Work to be completed
In the entries below, find the line with "Stock Image - Two" and print exactly every line from there up to and including the line with "view of side", with no other lines.

Record extracts: Begin

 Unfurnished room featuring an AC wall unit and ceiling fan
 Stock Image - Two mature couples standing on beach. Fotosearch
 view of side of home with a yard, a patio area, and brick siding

Record extracts: End
Record extracts: Begin

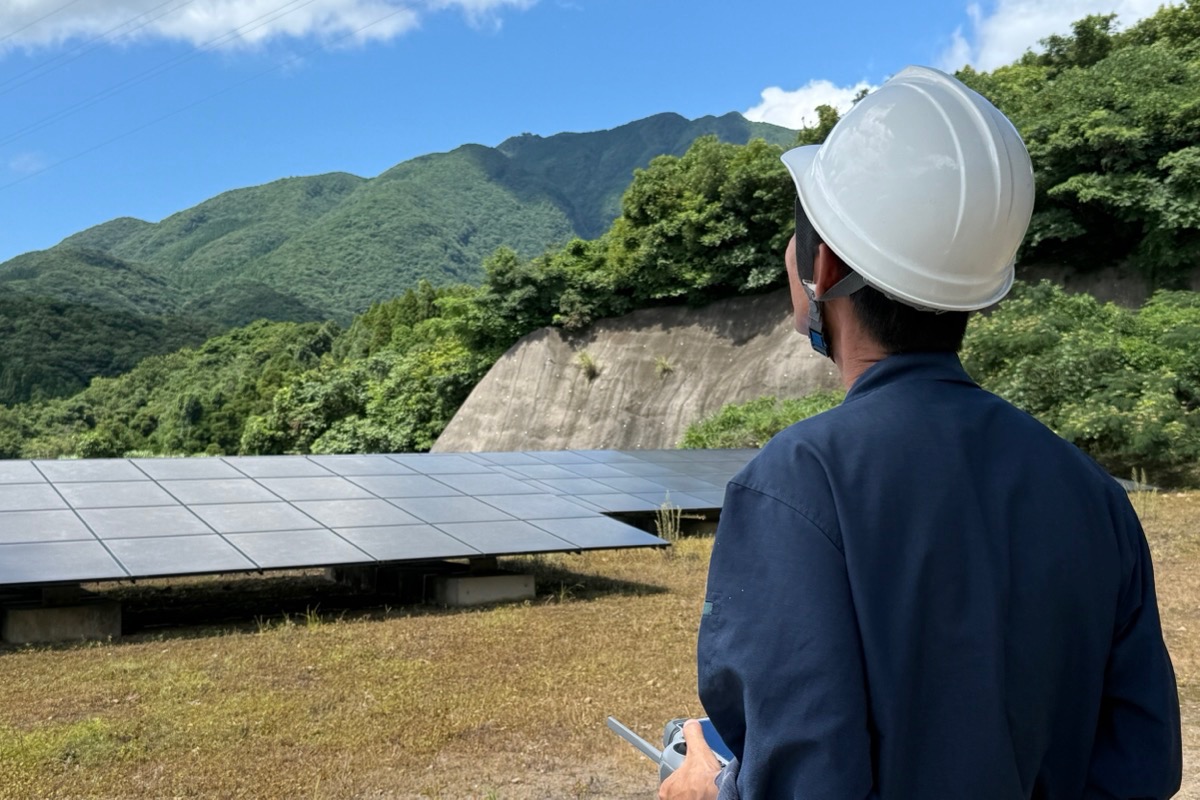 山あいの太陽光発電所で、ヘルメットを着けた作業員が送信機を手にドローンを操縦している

Record extracts: End

Task result
 Stock Image - Two mature couples standing on beach. Fotosearch
 view of side of home with a yard, a patio area, and brick siding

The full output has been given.